For every record that follows, transcribe the text exactly and leave any image out.

◆ Records provided
########
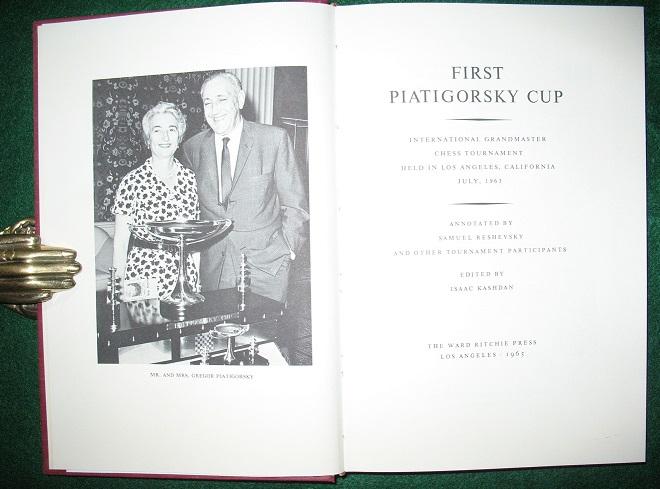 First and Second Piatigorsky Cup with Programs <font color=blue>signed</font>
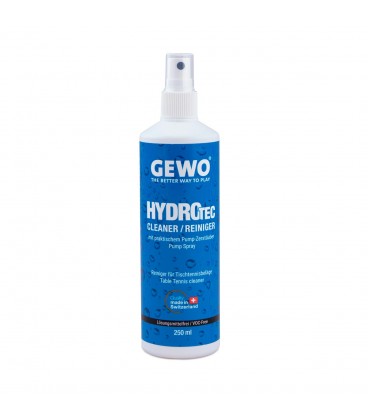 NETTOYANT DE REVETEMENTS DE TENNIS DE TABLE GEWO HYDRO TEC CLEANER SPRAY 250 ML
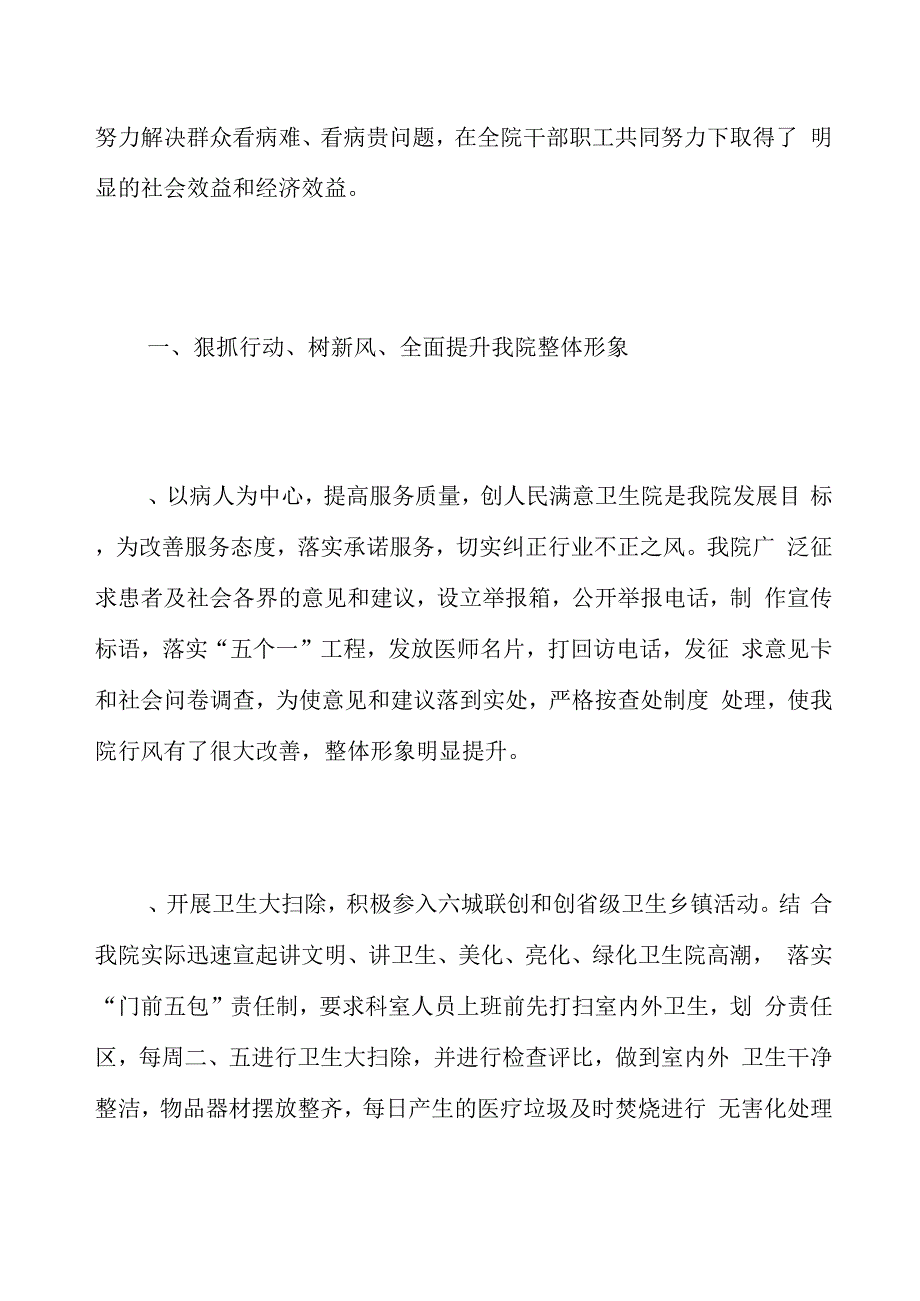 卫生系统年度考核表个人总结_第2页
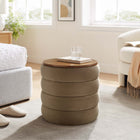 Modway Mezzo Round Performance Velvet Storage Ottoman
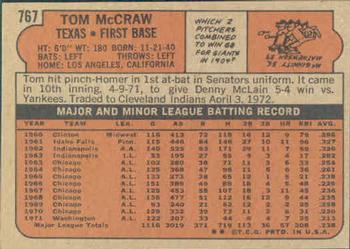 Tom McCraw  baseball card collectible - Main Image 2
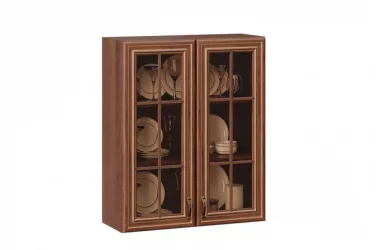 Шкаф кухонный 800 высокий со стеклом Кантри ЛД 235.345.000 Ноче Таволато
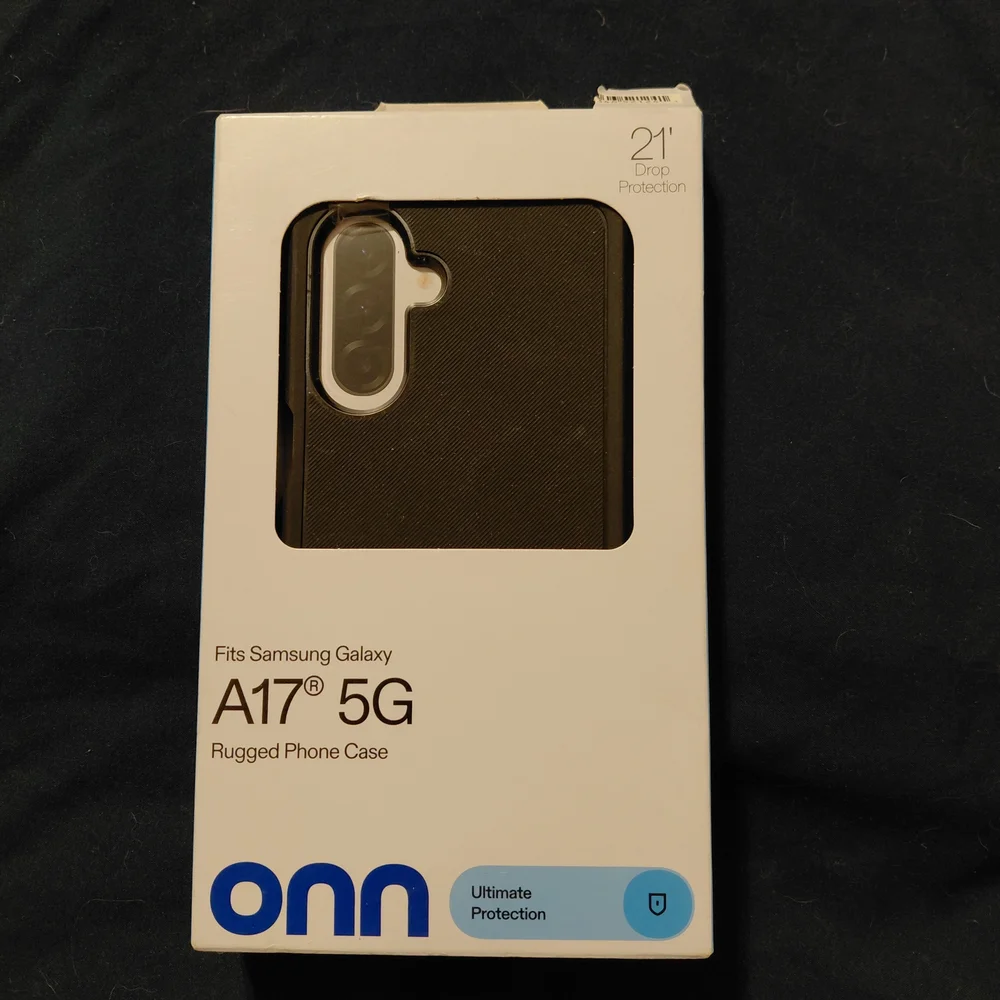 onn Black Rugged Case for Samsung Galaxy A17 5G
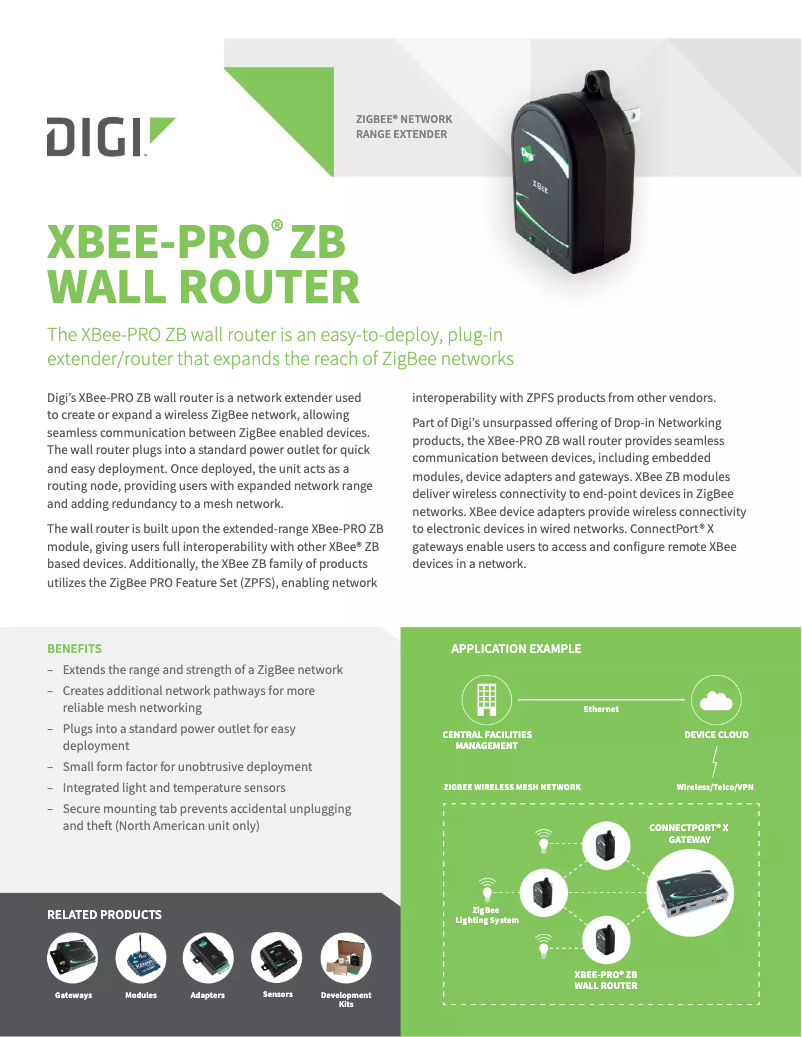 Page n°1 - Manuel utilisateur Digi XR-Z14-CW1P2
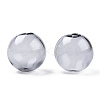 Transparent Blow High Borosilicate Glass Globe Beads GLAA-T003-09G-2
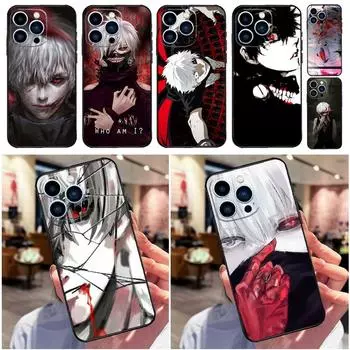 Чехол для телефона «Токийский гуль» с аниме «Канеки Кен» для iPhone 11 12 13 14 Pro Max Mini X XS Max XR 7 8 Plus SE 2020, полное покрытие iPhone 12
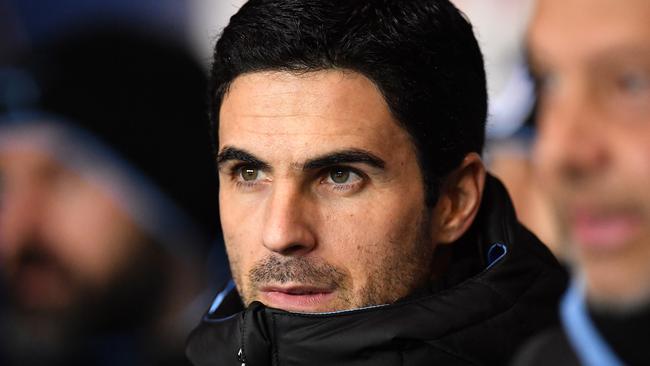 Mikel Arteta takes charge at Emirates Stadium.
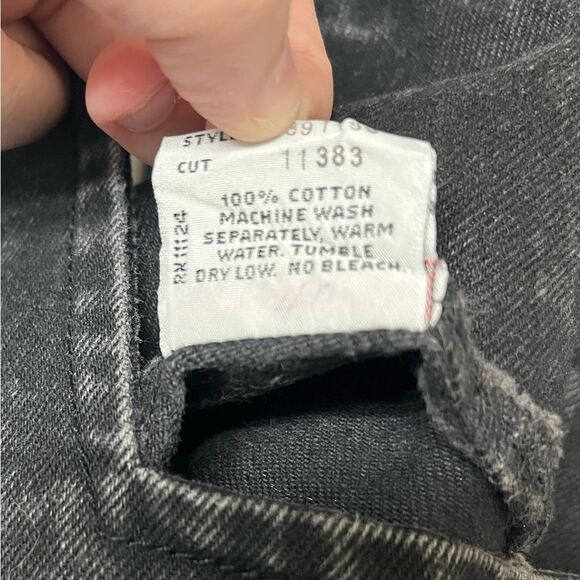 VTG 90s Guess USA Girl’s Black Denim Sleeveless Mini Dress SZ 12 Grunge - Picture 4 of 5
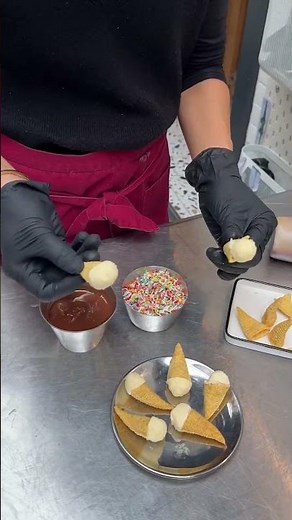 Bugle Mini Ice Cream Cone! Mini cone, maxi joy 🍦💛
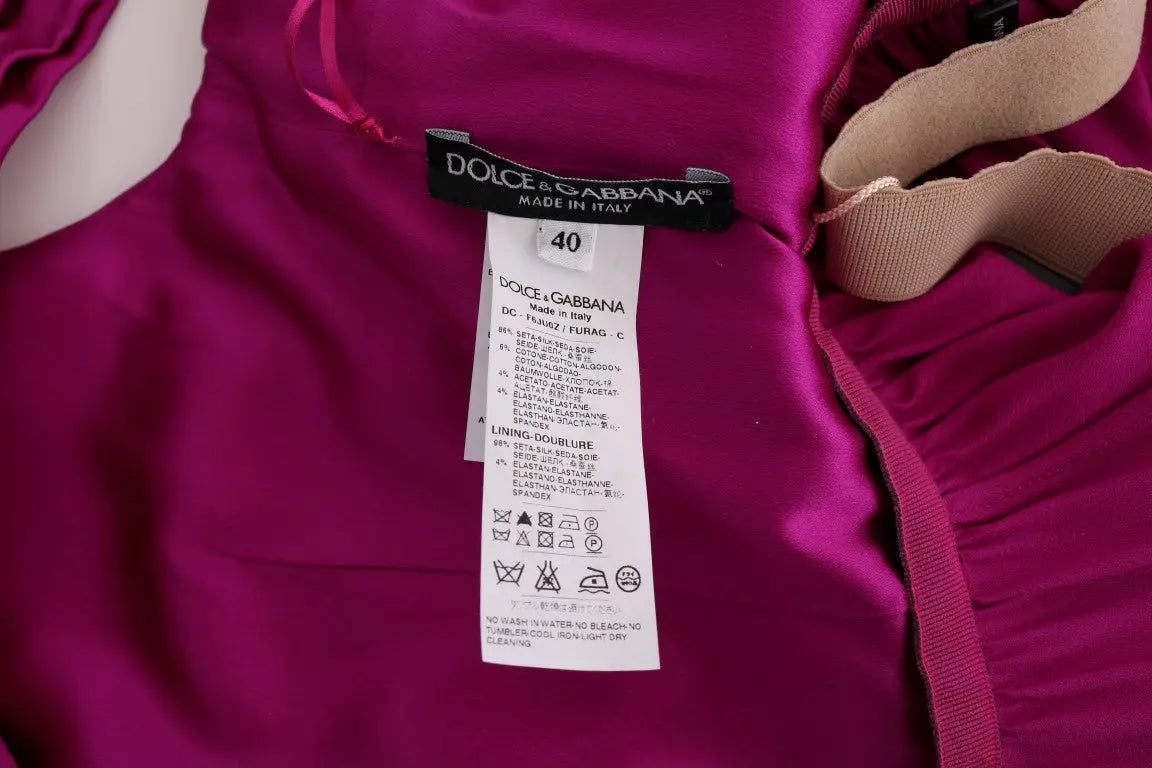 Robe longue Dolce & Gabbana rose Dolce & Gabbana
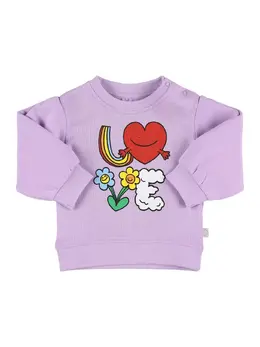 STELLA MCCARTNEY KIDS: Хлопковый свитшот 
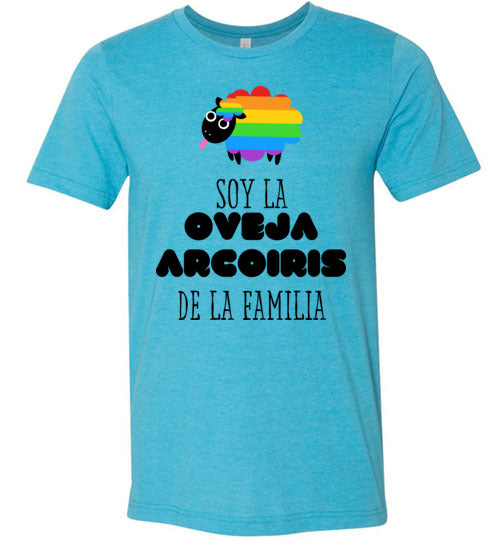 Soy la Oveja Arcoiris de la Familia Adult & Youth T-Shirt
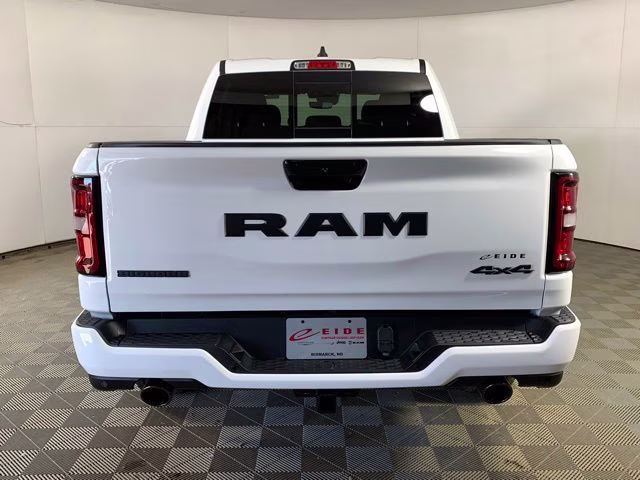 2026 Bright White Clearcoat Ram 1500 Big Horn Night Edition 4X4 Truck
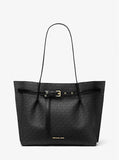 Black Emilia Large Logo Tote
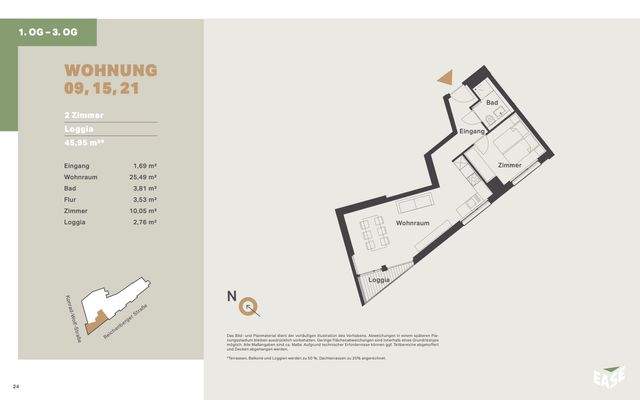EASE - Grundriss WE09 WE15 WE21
########
◆ Answer to this problem
 First and Second Piatigorsky Cup with Programs <font color=blue>signed</font>
 NETTOYANT DE REVETEMENTS DE TENNIS DE TABLE GEWO HYDRO TEC CLEANER SPRAY 250 ML
 卫生系统年度考核表个人总结_第2页
 Modway Mezzo Round Performance Velvet Storage Ottoman
 Tom McCraw  baseball card collectible - Main Image 2
 Шкаф кухонный 800 высокий со стеклом Кантри ЛД 235.345.000 Ноче Таволато
 onn Black Rugged Case for Samsung Galaxy A17 5G
 Page n°1 - Manuel utilisateur Digi XR-Z14-CW1P2
 Transparent Blow High Borosilicate Glass Globe Beads GLAA-T003-09G-2
 Чехол для телефона «Токийский гуль» с аниме «Канеки Кен» для iPhone 11 12 13 14 Pro Max Mini X XS Max XR 7 8 Plus SE 2020, полное покрытие iPhone 12
 Mikel Arteta takes charge at Emirates Stadium.
 VTG 90s Guess USA Girl’s Black Denim Sleeveless Mini Dress SZ 12 Grunge - Picture 4 of 5
 Bugle Mini Ice Cream Cone! Mini cone, maxi joy 🍦💛
 Robe longue Dolce & Gabbana rose Dolce & Gabbana
 STELLA MCCARTNEY KIDS: Хлопковый свитшот 
 Soy la Oveja Arcoiris de la Familia Adult & Youth T-Shirt
 2026 Bright White Clearcoat Ram 1500 Big Horn Night Edition 4X4 Truck
 Black Emilia Large Logo Tote
EASE - Grundriss WE09 WE15 WE21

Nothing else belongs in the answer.